Music: Mummy Alives Theme - Metal Cover
So a number of people have posed the question “What are Mummies about?” and honestly the answer as far as these products go is pretty much “Nothing.” But that creates a related question, one of “What could Mummies be about?” And the answer there is of course “Lots of stuff.” In order to be an effective Mummy RPG, it has to be playable as a game, enticing as a story, and suggestive of longer campaigns. There are plenty of directions you could have gone and made for a playable experience.

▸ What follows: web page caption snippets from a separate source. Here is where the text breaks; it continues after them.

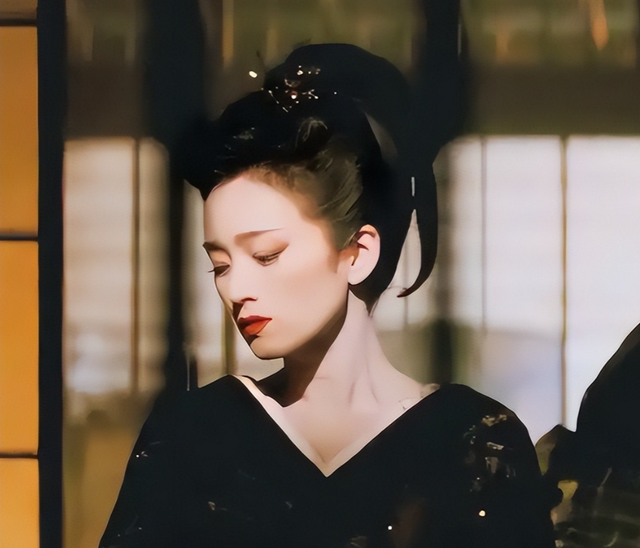 事实证明！陪马克龙回国的巩俐，可能已经走上了另一条大道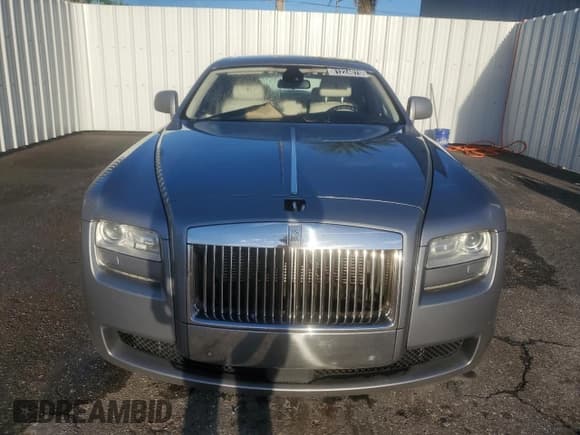 ✅ 2011 Rolls-Royce Ghost • VIN: SCA664S59BUX49634 • Lot: 87287925. Wystawiony na Copart z przebiegiem Nie podano. Bezpłatny archiwum sprzedaży aukcyjnych z USA i szczegółowy raport historii pojazdu na DreamBid. Zdjęcie 5.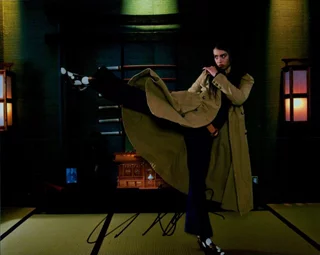 Amber Midthunder autograph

Basically, it needed to hit the following points:
- The game needs a short pitch that you can give to someone unfamiliar with the game (or the World of Darkness) to get them to be willing to try it out.
- The game needs a place for episodic adventures with minimal required buy-in so that you can run one-shot adventures without needing tailored pre-made characters.

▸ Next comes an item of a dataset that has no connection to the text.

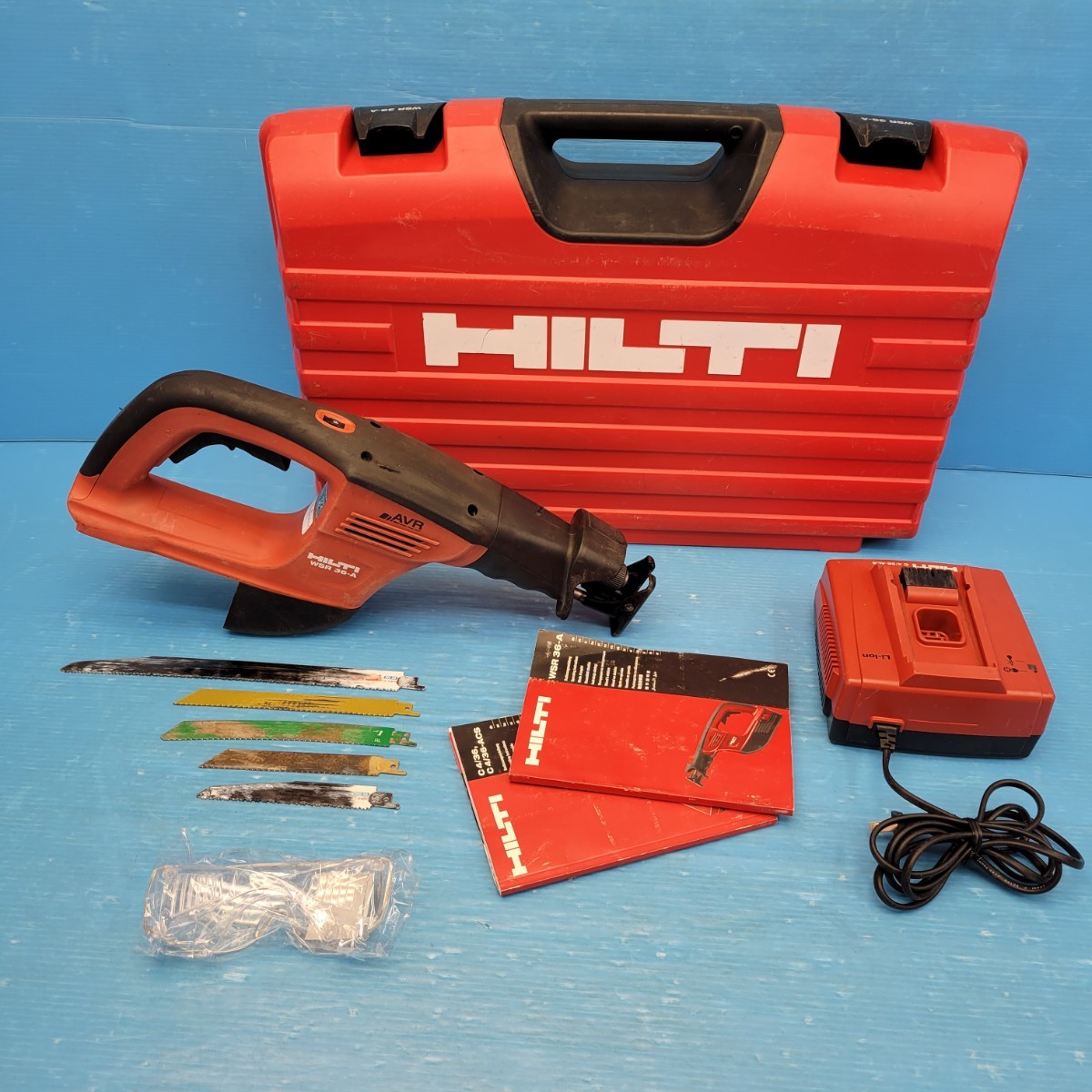 160★送料無料!★HILTI 36V充電式レシプロソー WSR36-Aと充電器 中古動作品 ●★●★●★●_画像2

- The game needs a world that has stuff in it for people to expand upon and explore, such that they would like to continue telling stories in the world and possibly even buy more books.
- The game needs a place for longer character arcs and quests so that there can be year-long campaigns and possibly even LARPs that last for over a decade.
Most of these are based off of existing properties and concepts because, frankly, that is what people want. Nobody bought a Mummy book and expected vampires, unless you've set them up to expect that ahead of time. And while ideally these are stand-alone, it's nice to think that they could tie in to the World of Darkness at least as well as the shitsmear that is Mummy e1-3.
The Mummy Option
Seriously, your game is called Mummy, how can this not be your first option? The characters are immortal sorcerers from various cultures and time periods who have been out of circulation for a very long time. Awoken in the modern world, they find that they have melodramatic plot hooks connecting them to the past lives of various random people and relics scattered around the present day. So you strongly feel friendship, hatred, or even love for people who are actually having new lives with new memories and don't know you from Adam. Also, because your companion Mummies lived at different times, they have different melodramatic hooks into some of the same people based on things that happened in yet other lives.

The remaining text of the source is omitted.